The UVM athletic advisory board voted “no” despite the recent NCAA autonomy ruling, where it was officially put into effect at a convention in Washington, D.C. this past January.
In August 2014, the NCAA Division I board of directors voted 2-1 to allow the schools in the top-five conferences to legislate their own set of rules within their athletic programs.
The ACC, Big 12, Big Ten, Pac 12 and SEC.
This regulation permits athletic programs to decide on measures such as cost-of-attendance stipends, insurance benefits for players, staff sizes, recruitment and mandatory time spent on individual sports.
The top 64 schools elected amongst these five conferences have been dubbed the “Power Five”. These schools are seen as consistent contenders who are most financially fit to handle such measures.
There has been much controversy and tension amidst the remaining 285 schools who have been excluded from the provision, President Tom Sullivan said.
The issue is that the NCAA has created a divide with the monopoly of these top-five conferences. The remaining schools are at a disadvantage in terms of recruiting future athletes.
Sullivan said UVM was one of the 27 institutions across the country that opposed the ruling and voted to reject the council’s terms and conditions.
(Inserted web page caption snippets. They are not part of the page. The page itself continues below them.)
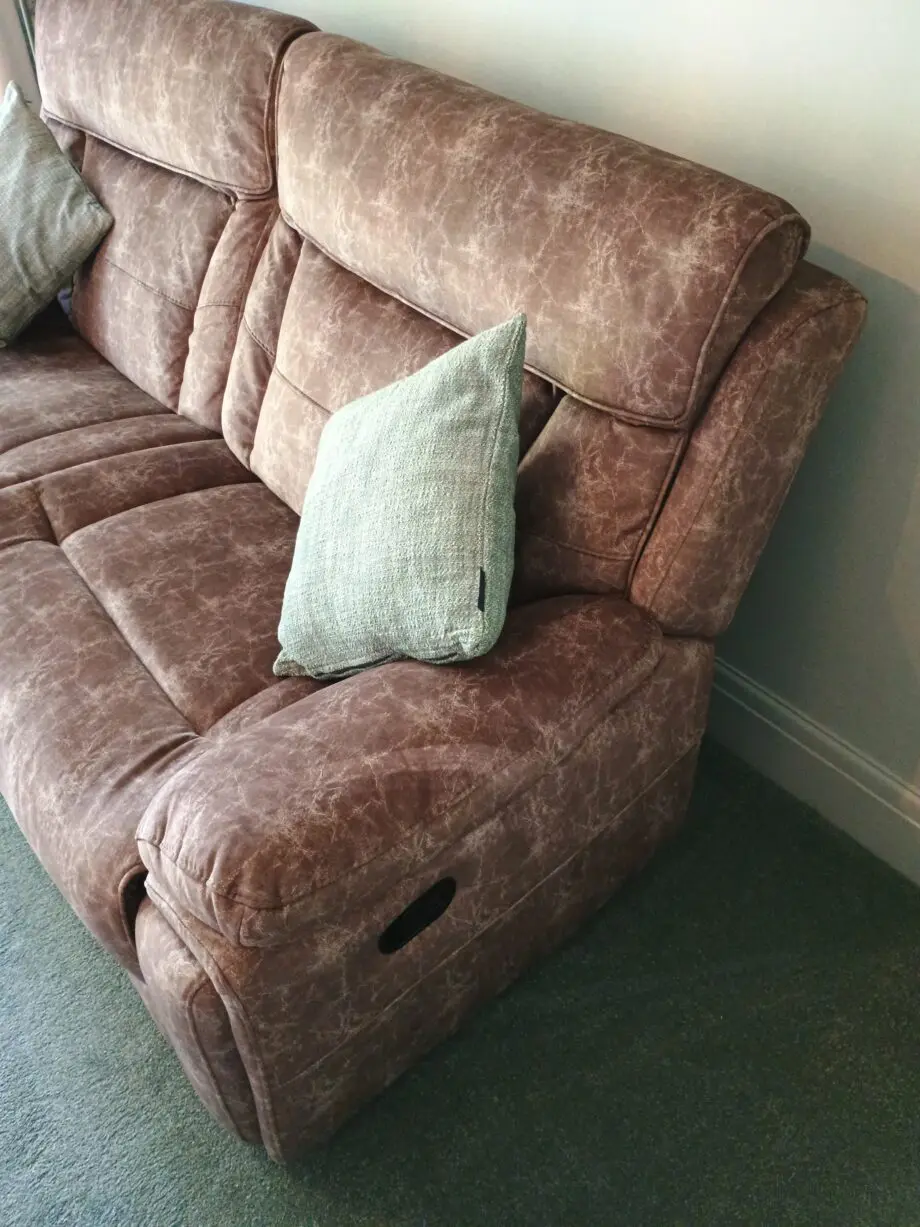 Scs brown marbled sofa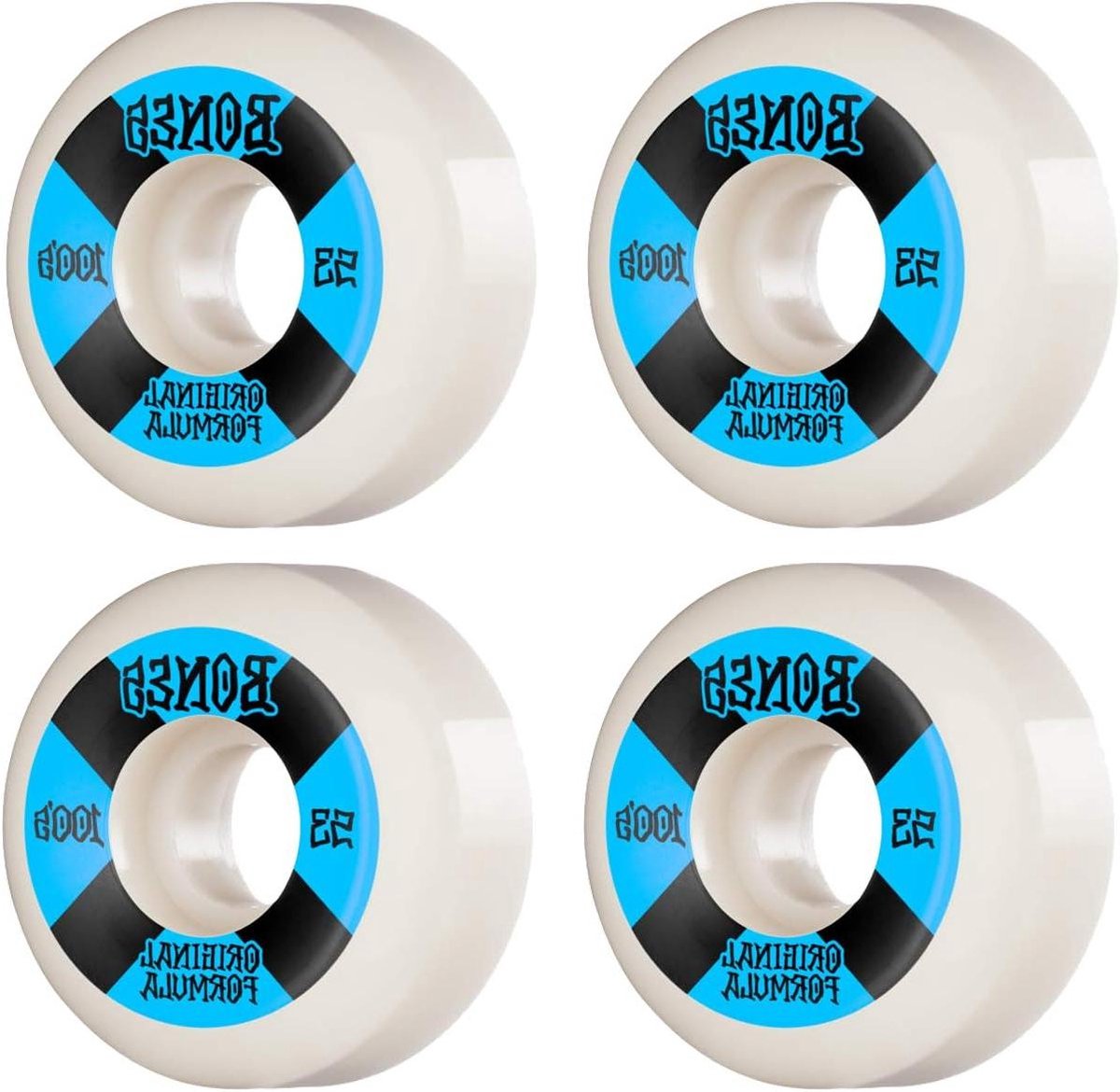 skateboard wielen set van 4 straat skateboarden duurzaam materiaal 53mm wit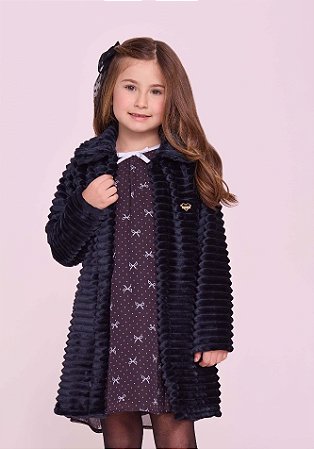 Casaco Infantil Pele Sintética Bambolina Preto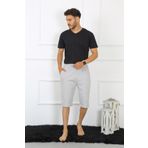 Akbeniz 27480 Gri Erkek Kapri Pijama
The reason UVM declined the autonomy proposal was based upon three consequences that conflicted with our code of ethics: the inflation of athletic team costs, anti-trust issues and the cost of student athletes becoming commercialized, Sullivan said.
“The more compensation that is given to the players, beyond full cost of attendance, it becomes a compensation package. Much of which has nothing to do with the education of that student,” Sullivan said.
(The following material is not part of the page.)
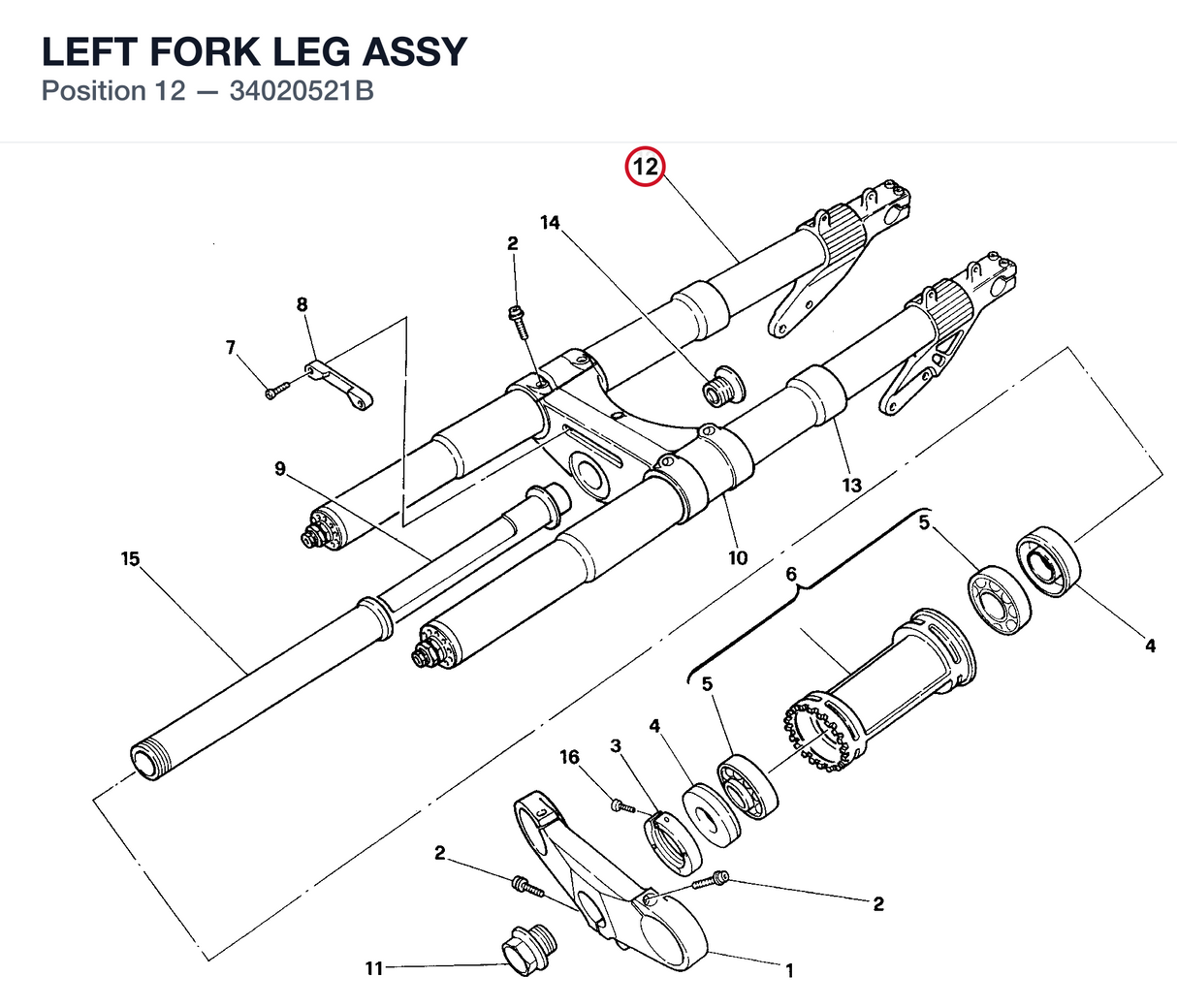 LEFT FORK LEG ASSY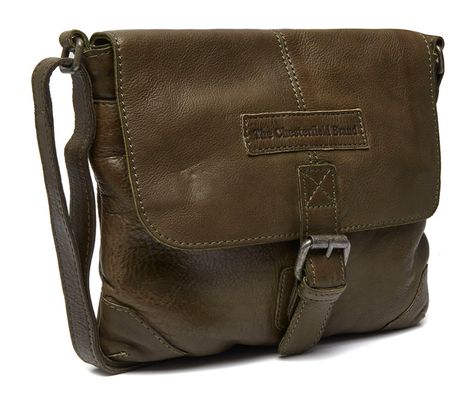 The Chesterfield Brand Cato Flapover Bag S Olive Green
He said he believes the current focus of college athletics is not involved enough in academics.
“It looks more like employer and employee than faculty and student relationship,” Sullivan said.
UVM’s faculty and staff continue to insist that the classroom is more important than what happens on the field.
Some larger schools tend to invest more in one sport at the expense of others. This creates a financial problem because smaller schools are going to have to cut their lower profile, non-revenue sports to maintain their budgets and keep up with their fellow competitors, said Dr. Robert Corran, director of athletics.
“The primary purpose of an educational experience for our student-athletes is really what our program is based on and most interested in ensuring that continues,” Corran said. “If we could rule the world, we like it the way it is.”